Marsh, who died Friday aged 74, was also a coach, mentor and administrator who guided the game’s youth through national and international cricket academies.
Born in Armadale, Western Australia, on November 4, 1947, Rodney William Marsh had his introduction to cricket in the backyard of his family home, along with his elder brother, Graham, who went on to become a successful professional golfer.
The Marsh brothers represented their state in cricket at schoolboy level before pursuing their chosen sports. By the age of eight he was playing competitively with the Armadale under-16 side.
“I kept wicket right from the start, but batting was my main strength,” he recalled.
The balance between batting and keeping wicket eventually tipped in favour of the latter, although it was probably the former that ensured his selection in the Australian team for the first Test of the 1970-71 series against England at the Gabba.
His Sheffield Shield form for WA had put Marsh in contention for the wicketkeeper’s job after the retirement of Brian Taber, although Queensland’s John McLean also had selection claims.

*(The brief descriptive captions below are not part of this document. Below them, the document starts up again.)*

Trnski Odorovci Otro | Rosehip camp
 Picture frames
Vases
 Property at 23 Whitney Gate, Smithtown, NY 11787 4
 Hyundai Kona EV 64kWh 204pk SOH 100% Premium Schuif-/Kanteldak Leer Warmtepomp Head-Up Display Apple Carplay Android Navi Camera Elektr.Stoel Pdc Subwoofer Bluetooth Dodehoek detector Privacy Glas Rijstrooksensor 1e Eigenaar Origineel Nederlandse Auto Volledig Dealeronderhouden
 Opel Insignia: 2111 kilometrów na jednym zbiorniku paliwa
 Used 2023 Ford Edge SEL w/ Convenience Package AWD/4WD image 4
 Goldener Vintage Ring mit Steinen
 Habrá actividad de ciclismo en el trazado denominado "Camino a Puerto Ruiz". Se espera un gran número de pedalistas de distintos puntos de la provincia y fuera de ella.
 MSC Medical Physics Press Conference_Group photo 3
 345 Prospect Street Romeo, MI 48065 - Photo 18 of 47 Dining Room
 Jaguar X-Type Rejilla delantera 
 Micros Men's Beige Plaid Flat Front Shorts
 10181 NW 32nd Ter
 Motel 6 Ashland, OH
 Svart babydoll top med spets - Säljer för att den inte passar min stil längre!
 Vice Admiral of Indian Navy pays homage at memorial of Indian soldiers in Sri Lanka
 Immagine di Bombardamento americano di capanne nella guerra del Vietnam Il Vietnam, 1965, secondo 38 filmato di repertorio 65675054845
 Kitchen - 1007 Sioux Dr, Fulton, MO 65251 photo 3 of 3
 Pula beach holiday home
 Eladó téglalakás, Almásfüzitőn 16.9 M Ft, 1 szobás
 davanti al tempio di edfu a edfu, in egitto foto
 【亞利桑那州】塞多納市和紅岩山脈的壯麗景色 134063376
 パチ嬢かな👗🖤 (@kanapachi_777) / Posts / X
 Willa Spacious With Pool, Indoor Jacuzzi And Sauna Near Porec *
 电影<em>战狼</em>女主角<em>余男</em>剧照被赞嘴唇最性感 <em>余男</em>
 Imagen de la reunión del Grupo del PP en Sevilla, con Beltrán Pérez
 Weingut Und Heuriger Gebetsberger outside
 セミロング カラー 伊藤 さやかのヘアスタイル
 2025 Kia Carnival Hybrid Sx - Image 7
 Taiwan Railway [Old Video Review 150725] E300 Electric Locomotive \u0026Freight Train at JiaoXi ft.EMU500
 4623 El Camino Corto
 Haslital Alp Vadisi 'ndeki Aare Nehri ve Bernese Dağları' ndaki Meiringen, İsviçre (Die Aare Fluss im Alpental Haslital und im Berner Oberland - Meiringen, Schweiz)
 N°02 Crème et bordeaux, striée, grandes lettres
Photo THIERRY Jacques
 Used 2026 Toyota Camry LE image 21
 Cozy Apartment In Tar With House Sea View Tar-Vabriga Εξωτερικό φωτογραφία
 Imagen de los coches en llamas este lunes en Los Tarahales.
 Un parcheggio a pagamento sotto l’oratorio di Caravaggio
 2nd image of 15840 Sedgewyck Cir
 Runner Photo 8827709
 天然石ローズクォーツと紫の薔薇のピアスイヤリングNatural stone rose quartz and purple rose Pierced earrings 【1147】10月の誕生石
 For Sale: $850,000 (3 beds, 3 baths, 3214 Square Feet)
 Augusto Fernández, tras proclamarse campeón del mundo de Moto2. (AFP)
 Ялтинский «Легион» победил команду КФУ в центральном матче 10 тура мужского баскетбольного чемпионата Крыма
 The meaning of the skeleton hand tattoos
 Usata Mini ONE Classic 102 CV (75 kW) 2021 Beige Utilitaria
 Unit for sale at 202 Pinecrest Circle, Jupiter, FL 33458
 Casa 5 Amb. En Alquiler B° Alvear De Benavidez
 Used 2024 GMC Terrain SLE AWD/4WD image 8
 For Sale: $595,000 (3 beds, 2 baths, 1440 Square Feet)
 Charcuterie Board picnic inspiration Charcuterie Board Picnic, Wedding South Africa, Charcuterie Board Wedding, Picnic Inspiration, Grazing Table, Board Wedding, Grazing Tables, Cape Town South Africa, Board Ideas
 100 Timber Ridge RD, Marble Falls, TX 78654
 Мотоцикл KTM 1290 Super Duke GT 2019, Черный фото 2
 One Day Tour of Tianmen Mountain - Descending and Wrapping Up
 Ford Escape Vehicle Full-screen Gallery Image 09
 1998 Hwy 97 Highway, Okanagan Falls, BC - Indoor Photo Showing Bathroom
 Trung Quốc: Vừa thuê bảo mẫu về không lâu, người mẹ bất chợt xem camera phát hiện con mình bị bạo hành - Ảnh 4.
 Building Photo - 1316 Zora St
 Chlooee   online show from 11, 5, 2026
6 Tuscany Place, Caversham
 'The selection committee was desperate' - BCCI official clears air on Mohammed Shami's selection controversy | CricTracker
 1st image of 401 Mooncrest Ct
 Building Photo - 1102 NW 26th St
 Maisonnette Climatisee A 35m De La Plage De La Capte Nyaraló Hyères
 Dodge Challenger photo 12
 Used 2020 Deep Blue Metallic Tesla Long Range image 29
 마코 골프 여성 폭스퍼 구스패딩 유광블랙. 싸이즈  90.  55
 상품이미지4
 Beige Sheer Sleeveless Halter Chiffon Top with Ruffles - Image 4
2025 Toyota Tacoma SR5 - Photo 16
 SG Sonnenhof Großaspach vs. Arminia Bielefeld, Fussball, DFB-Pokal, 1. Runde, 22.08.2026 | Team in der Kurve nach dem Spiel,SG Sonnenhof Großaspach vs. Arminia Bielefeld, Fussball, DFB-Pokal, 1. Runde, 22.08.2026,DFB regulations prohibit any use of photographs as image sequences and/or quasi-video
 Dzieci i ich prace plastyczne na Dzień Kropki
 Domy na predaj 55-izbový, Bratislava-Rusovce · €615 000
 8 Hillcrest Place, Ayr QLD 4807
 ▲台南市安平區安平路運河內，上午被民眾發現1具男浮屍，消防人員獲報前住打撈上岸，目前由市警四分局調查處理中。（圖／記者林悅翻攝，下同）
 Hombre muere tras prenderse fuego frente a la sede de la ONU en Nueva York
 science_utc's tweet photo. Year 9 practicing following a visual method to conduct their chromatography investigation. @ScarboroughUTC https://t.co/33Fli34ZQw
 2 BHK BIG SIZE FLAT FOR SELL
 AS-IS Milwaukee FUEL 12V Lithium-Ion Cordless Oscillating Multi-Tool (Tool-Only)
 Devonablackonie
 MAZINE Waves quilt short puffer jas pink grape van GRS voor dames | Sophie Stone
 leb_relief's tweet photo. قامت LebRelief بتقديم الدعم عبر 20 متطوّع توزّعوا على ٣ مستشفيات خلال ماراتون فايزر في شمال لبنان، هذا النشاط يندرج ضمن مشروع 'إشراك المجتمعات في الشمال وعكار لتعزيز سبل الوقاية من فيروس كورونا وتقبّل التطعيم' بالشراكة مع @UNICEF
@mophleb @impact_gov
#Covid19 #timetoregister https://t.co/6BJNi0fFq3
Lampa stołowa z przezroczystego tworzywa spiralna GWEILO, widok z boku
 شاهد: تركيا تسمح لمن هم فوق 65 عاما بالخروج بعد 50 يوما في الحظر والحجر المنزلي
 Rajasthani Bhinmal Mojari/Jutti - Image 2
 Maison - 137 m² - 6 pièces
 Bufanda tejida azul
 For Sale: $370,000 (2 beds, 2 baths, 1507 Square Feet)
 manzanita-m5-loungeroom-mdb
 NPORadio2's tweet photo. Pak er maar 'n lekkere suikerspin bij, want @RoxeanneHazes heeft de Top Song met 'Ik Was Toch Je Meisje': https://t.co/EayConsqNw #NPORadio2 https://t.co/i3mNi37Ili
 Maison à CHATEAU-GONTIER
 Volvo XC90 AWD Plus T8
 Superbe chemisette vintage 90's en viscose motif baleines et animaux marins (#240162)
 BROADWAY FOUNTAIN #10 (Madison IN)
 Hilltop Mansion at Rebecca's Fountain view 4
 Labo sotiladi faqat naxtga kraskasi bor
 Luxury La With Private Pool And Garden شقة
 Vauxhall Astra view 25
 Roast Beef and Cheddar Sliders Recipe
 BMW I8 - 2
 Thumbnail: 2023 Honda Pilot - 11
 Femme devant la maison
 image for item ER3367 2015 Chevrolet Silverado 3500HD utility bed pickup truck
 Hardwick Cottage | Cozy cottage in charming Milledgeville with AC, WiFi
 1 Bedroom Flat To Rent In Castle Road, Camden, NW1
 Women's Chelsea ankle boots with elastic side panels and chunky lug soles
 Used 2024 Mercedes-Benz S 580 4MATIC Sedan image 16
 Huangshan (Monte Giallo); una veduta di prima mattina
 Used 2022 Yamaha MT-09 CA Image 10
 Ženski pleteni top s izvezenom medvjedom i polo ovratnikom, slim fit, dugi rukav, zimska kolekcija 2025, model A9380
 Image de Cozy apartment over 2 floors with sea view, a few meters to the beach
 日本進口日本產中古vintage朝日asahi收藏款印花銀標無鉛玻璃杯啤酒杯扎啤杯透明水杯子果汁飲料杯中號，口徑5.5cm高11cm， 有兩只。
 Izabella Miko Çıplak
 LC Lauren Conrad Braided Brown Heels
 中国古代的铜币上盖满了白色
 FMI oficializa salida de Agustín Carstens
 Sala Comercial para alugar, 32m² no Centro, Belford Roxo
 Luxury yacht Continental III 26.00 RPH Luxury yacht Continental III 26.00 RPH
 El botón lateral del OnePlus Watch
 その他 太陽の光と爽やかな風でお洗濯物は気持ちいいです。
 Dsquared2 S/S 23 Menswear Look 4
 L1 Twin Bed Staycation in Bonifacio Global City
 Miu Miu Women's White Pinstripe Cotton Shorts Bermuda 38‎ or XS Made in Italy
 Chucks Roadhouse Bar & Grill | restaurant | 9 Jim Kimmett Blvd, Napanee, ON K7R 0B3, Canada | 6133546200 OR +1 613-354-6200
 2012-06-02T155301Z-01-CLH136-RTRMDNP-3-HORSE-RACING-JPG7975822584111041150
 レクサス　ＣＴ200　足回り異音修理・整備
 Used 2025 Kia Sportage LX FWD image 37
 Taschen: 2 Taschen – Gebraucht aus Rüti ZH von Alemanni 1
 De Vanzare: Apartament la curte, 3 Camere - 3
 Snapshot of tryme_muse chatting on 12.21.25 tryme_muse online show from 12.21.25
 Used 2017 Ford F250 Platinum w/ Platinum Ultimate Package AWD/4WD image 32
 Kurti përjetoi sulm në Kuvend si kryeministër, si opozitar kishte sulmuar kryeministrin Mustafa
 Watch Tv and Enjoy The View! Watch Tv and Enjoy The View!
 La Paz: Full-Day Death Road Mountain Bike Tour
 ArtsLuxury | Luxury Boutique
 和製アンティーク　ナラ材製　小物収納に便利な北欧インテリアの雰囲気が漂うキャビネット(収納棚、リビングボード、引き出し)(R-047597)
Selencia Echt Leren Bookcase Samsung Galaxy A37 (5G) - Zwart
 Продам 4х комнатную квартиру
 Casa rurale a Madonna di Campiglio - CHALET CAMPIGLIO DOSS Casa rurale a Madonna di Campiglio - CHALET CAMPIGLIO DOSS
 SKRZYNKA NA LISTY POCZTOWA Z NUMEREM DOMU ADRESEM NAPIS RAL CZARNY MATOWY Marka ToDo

Devastated, we have lost a legend. Rod Marsh was a great player, a great coach and one of the best people I have ever met. My thoughts are with Ros, Paul, Dan and Jamie.
— Ricky Ponting AO (@RickyPonting) March 4, 2022
As a result, a simple notation entered the scorebook and the Test cricket lexicon for the first time: c Marsh b Lillee. The same detail was to appear on Test match scorecards a further 94 times, its regularity prompting Marsh to explain an almost psychic relationship with Lillee.
“I’ve played with him so much now that most of the time I know what he is going to do before he has bowled. I know from the way he runs up; the angle, the speed, where he hits the crease, where the ball is going to be,” Marsh said.
Marsh began his Test career immediately following Australia’s 4-0 drubbing by South Africa in 1969-70 and was joined in the subsequent home series against England by fellow debutants Lillee and Greg Chappell, a triumvirate that was instrumental in Australia’s resurgence.
Little more than a year later, Australia drew the 1972 series in England 2-2 and then won all three Test matches against Pakistan in 1972-73 before a 2-0 away defeat of the West Indies and successive Ashes series wins over England.
Australia’s run ended in England in 1977, in a series played against a backdrop of rumblings about World Series Cricket. The home team’s 2-0 success heralded a tumultuous period in which Marsh, Lillee and Chappell, who been the cornerstone of success, were now leaders of the WSC defection.
With great sadness I write this. To wake up & hear that Rod Marsh has left us, is horrible.
The time I had with him as my boss in Englands academy, was some of the best times in my career.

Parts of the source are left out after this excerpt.